Поводом к такой панике послужило заявление стражи, что при первых признаках нападения, она побросает оружие и скроется из помещения и советует то же сделать и арестантам. Наша камера сохранила обычное спокойствие, и когда серб Обренович пришел сказать нам, что в соседнем помещении Манус страшно волнуется и спрашивает, как ведем мы себя, то мы посоветовали ему побольше хладнокровия, т. к. все равно мы ничего сделать не можем.
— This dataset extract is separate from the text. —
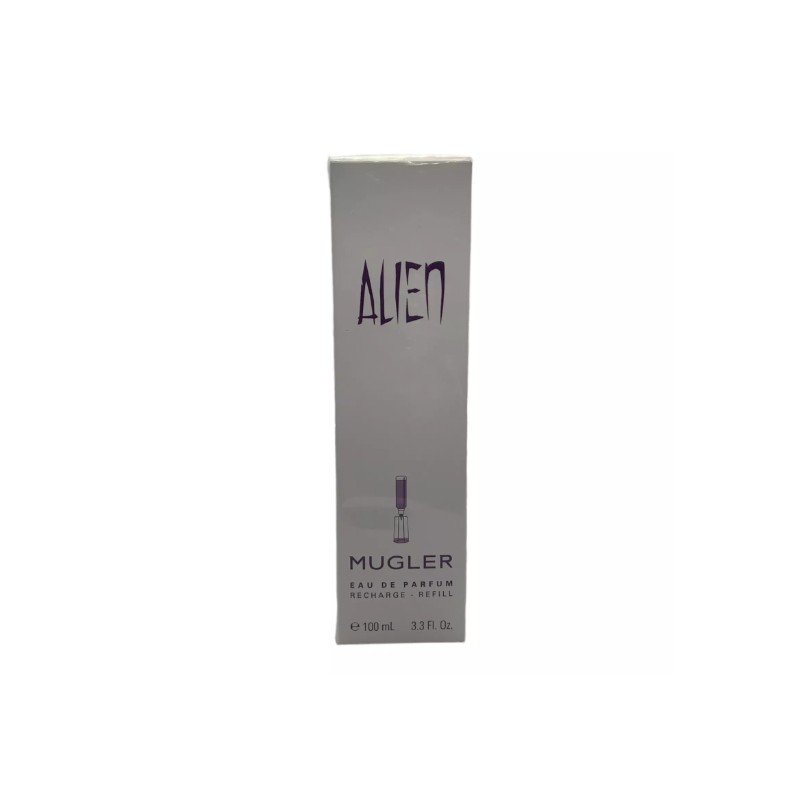 Thierry Mugler Alien for Women Perfume 3.3 oz 100 ml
Упоминая имя Мануса, я должен отметить, что встреча с этим субъектом была мне глубоко неприятна. Я давно не подавал ему руки, не отвечал на поклоны, зная все его предосудительное прошлое и его гнусную роль, сыгранную е моем увольнении. Естественно поэтому, что когда, в день своего прибытия на Гороховую, кажется на третий или четвертый День моего заключения, он проявил стремление попасть именно в нашу комнату и хотел даже подойти ко мне с приветствием, я не ответил на это приветствие и остался лежать на кровати. Из неловкого положения выручил Пальчинский, также хорошо знавший его, и заявил ему своим зычным голосом, что в нашей комнате нет свободного места и даже имеется много кандидатов, если произойдут перемены среди арестованных.
Упомяну еще одну характерную особенность моего содержания.
{455} Помещение, в котором я прожил более недели, было до такой степени грязно, что в течение трех дней я не мог войти в примитивную уборную: при первых случаях холеры арестованным в политических камерах, пришлось принять экстренные меры к очистке, и мы собирались даже сами вымыть эту ужасную клоаку, но нашлось двое из сидевших в большой камере, которые и занимались, главным образом, загрязнением помещения, предложивших «политическим» собрать 15 рублей и заплатить им за труд. Мы охотно пошли на эту денежную повинность.
Забыл еще упомянуть, что во вторник меня, как и всех, водили, сниматься и, таким образом в коллекции арестованных мое изображение красуется среди изображений карманных воров, взломщиков, ночных грабителей и тому подобных объектов антропометрии.
Днем в воскресенье, когда все обитатели пошли «на прогулку» в большую свободную комнату во втором этаже, а я остался лежать один, в комнату вошел отвратительного вида латыш, второй помощник коменданта и обратился ко мне со словами: «чего Вы лежите, лучше и Вам погулять — ведь Вас скоро выпустят». Я не отдавал себе отчета в его словах, потому что тюремная молва приписывала ему все зло в условиях нашего содержания.